BEGIN

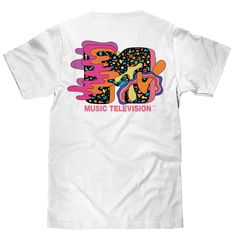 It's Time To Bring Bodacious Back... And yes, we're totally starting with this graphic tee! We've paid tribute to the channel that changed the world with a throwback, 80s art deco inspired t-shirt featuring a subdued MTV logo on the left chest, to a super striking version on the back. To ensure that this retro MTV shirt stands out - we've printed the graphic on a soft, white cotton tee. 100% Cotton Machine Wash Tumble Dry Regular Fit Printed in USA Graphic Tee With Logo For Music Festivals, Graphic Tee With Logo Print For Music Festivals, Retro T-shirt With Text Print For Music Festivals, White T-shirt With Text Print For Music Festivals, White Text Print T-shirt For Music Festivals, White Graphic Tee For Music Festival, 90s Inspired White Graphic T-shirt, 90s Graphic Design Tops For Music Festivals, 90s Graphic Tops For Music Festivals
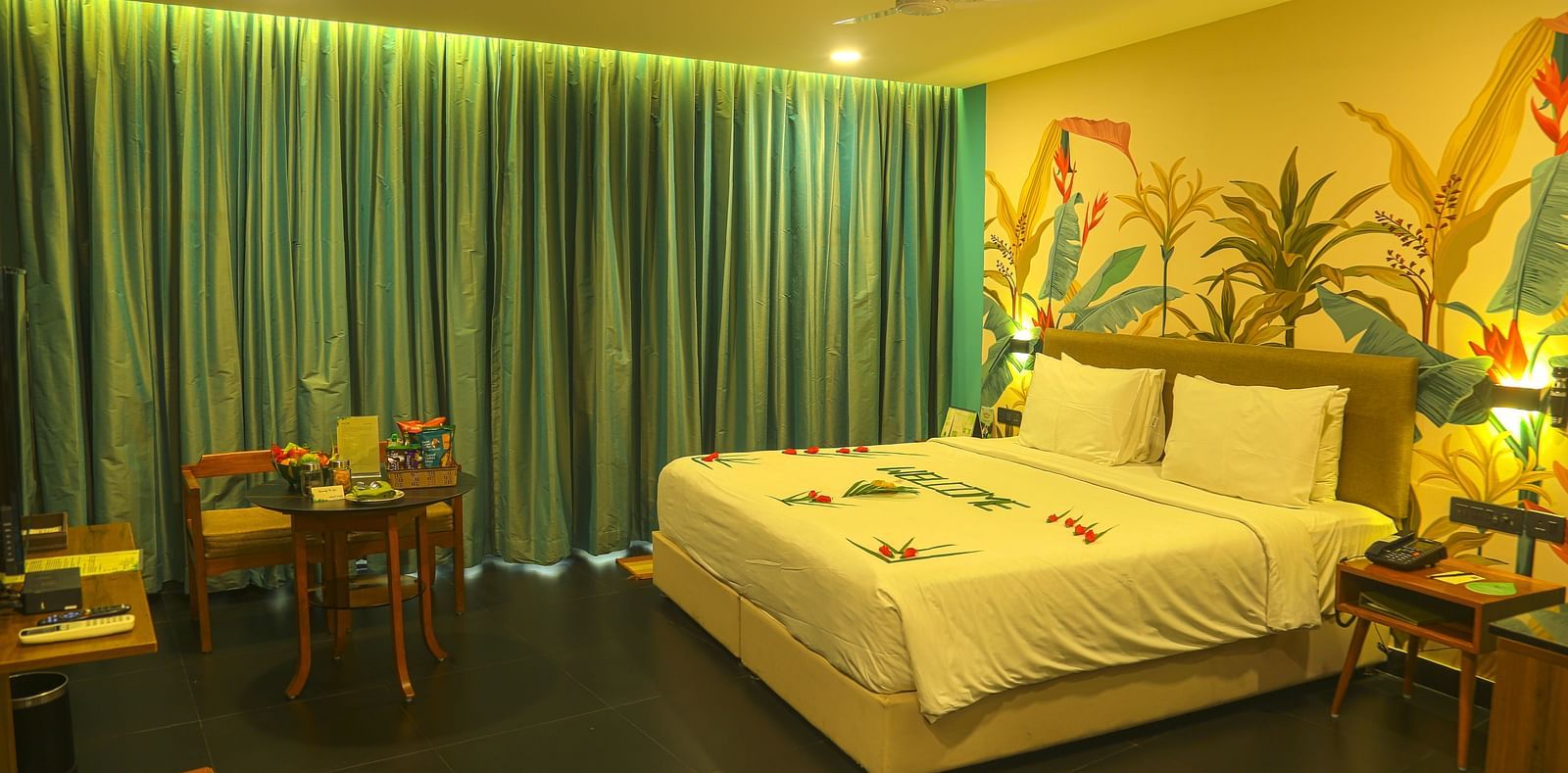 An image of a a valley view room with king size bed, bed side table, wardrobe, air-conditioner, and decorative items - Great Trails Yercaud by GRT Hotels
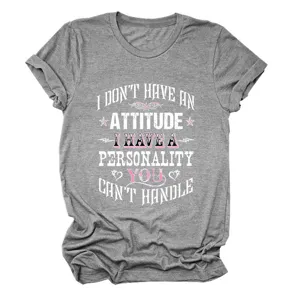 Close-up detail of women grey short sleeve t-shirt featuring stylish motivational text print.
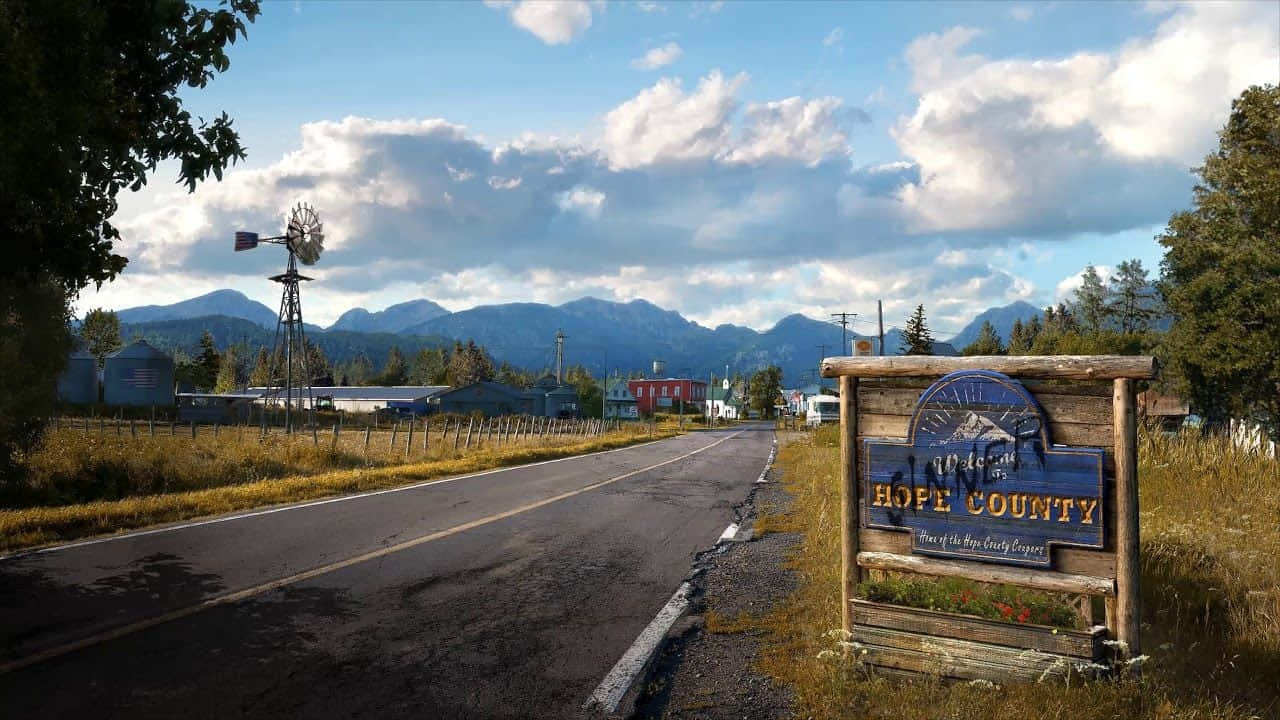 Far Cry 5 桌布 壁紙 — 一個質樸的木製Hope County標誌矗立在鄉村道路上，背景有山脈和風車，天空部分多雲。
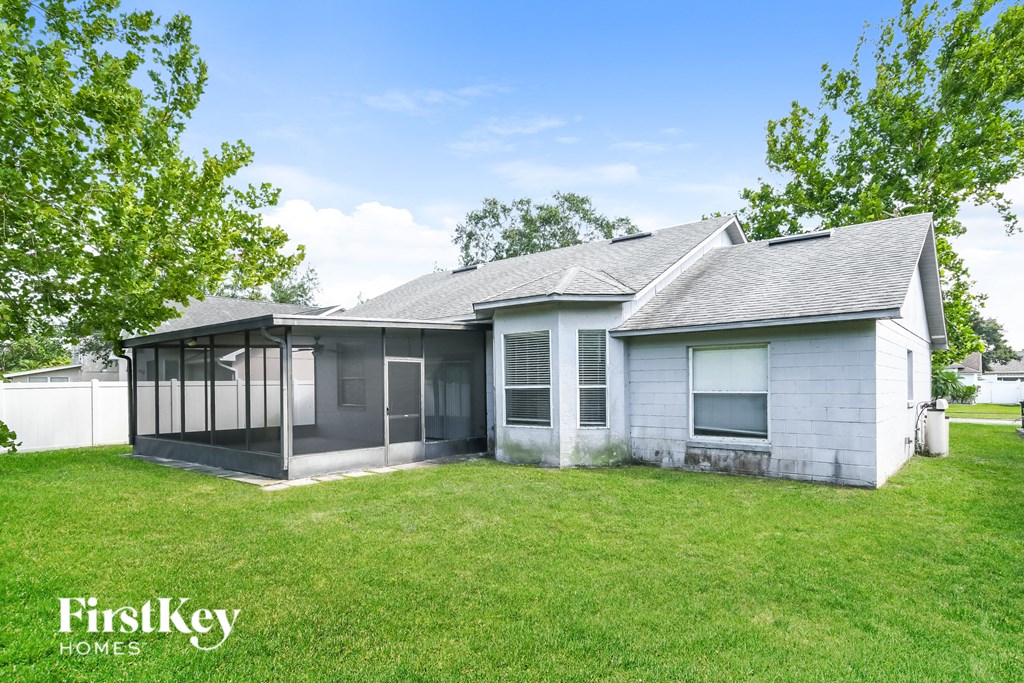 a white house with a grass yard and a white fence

END

*Task objective*: Please output the lines from the line that holds "Far Cry 5 桌布" through the final line of the material above, both included. Each line must match exactly, and pictures must be excluded.

*Solved problem*:
 Far Cry 5 桌布 壁紙 — 一個質樸的木製Hope County標誌矗立在鄉村道路上，背景有山脈和風車，天空部分多雲。
 a white house with a grass yard and a white fence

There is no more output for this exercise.